### WHAT THE TASK REQUIRES
Copy out precisely the lines from the start of the data through the line with "Golden retriever with", and keep pictures out of it.

### PROVIDED RECORDS
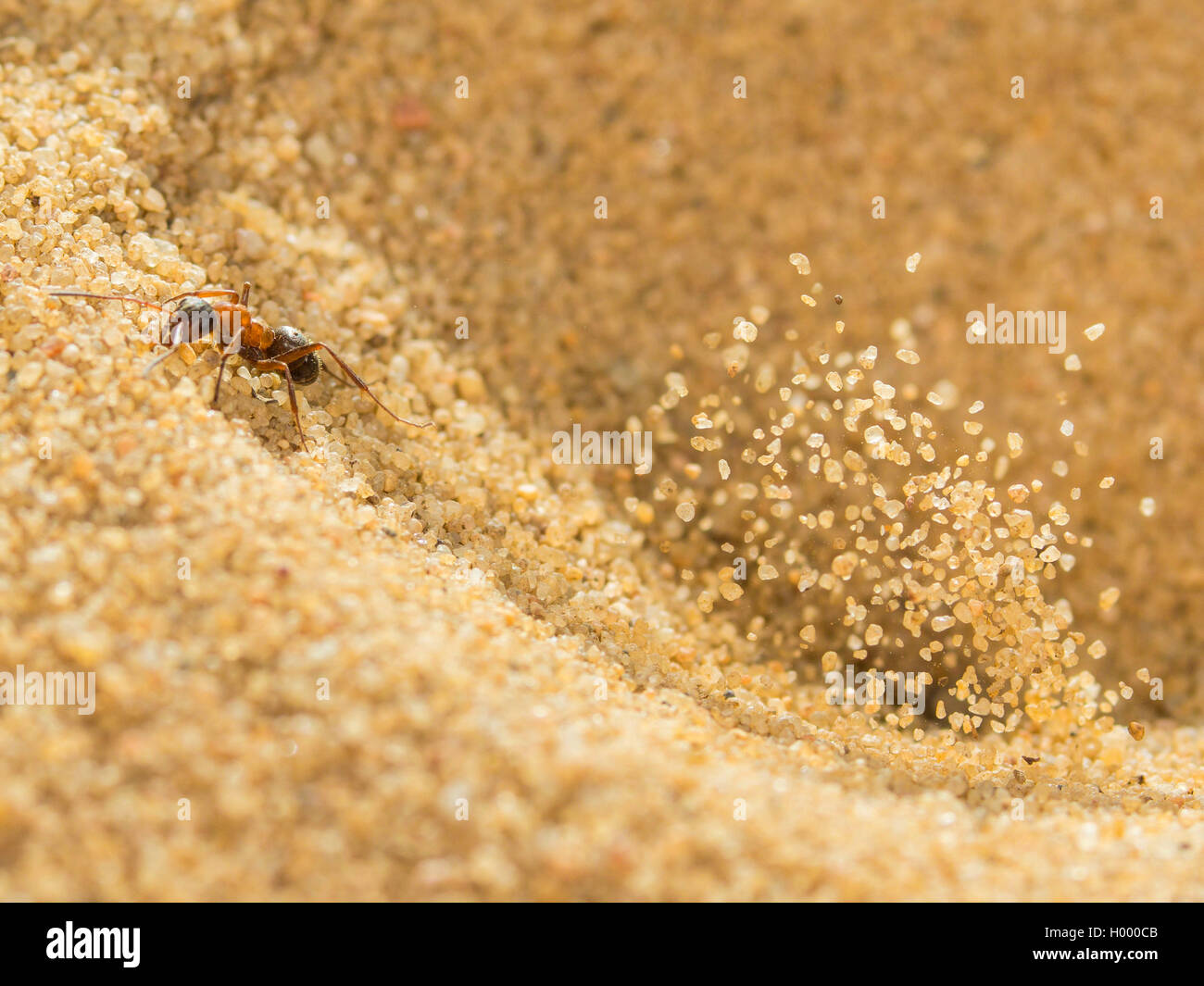 Europäische antlion (Euroleon nostras), Ant (Formica rufibarbis erfasst), die versuchen, aus den konischen Grube zu fliehen, während die Antlion Sand über und vor der Ant wirft, Deutschland Stockfoto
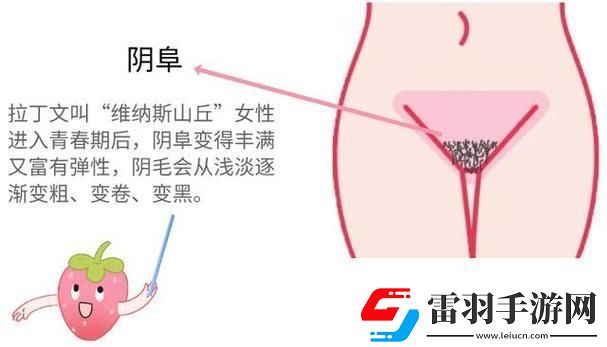 大蔭蒂BBBBBB大蔭蒂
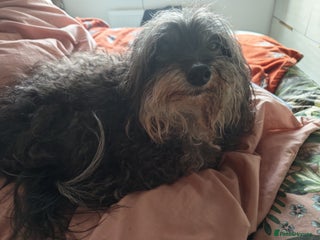 Chipoo dogs Chipoo for sale - Advert 1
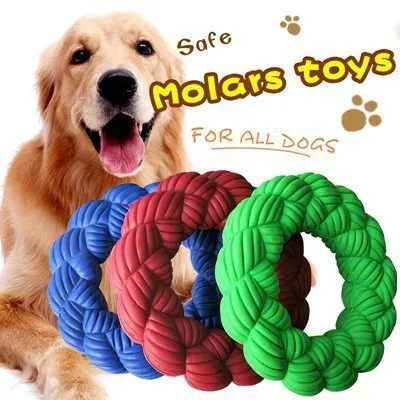 Golden retriever with blue, red and green braided rope ring dog toys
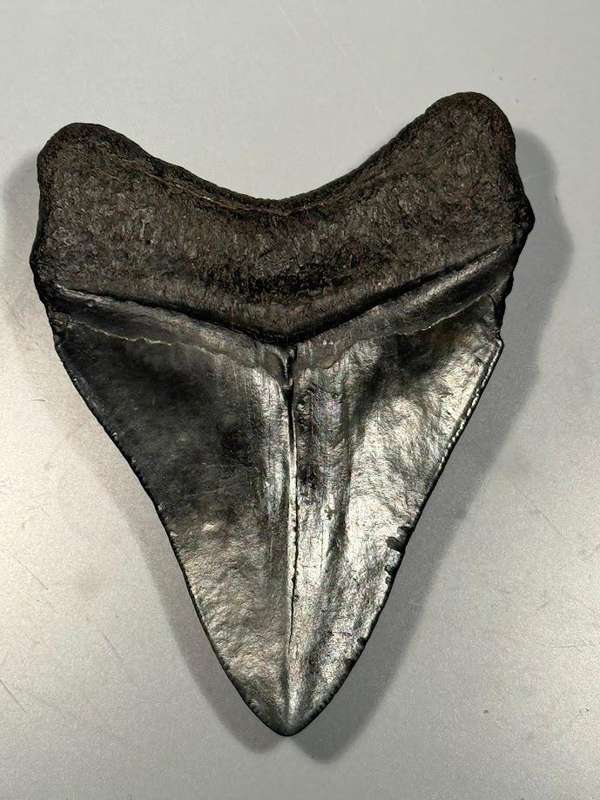 Fossil shark tooth Carcharodon Megalodon Great white Shark. 9 cm Authentic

### EXERCISE SOLUTION
 Europäische antlion (Euroleon nostras), Ant (Formica rufibarbis erfasst), die versuchen, aus den konischen Grube zu fliehen, während die Antlion Sand über und vor der Ant wirft, Deutschland Stockfoto
 大蔭蒂BBBBBB大蔭蒂
 Chipoo dogs Chipoo for sale - Advert 1
 Golden retriever with blue, red and green braided rope ring dog toys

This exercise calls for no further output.